The doctors have told me everything I have wanted and needed to know, and I’ve told Vivian everything that she has wanted and needed to know. But there’s no way not to feel distress when doctors say that “there will be an incision here and an incision here, and then we’ll feed the rod through,” because this is my baby’s back we’re talking about. I don’t want them to cut her skin. I don’t want them to drill into her bone.  “Bones weep,” one doctor told me yesterday. “You can’t clamp them to make them stop.”

Bones, then, are like mothers. Drill into me, I thought. Leave her be.

This is that thing coming up again—that mix of anger and panic and desperation that makes me want to scream at them to make it stop, that makes me want to run out of here with her—but then I remember (again, for the hundredth time) that they didn’t do this to her. They are helping her. 

Now it’s 11, and she’s still awake and so am I. The nurse just gave her Ativan and melatonin. That’s alarming, you know? But it was also a good idea. I’m so tired. I think I have to end this post.
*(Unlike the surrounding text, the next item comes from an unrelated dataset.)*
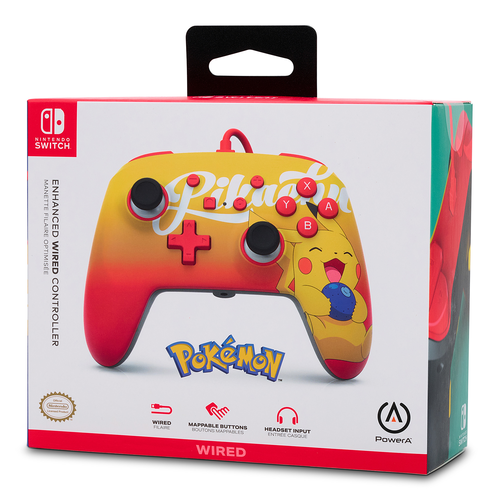POWER A Enhanced Wired Controller 1522784-01 Pikachu, NSW, Oran Berry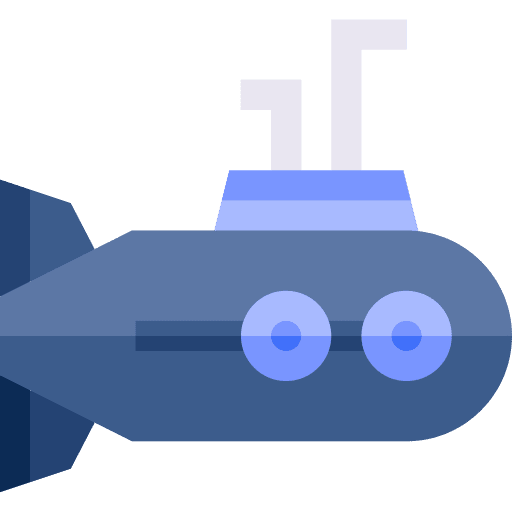 Submarine navigate nautical transportation icon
There were other things I wanted to write, like about how I’ve become afraid to leave this place, and often three or four days go by before I will, and then when I do I drive very carefully and I don’t stay out long; and about how I started crying tonight when I thought I was going to lie down but instead called Bill and was overcome by everything that I have been containing for all of these days. This surgery is not a huge deal—they do these all the time—but what it represents, and what it culminates, and what it begins: those things are huge, huge deals.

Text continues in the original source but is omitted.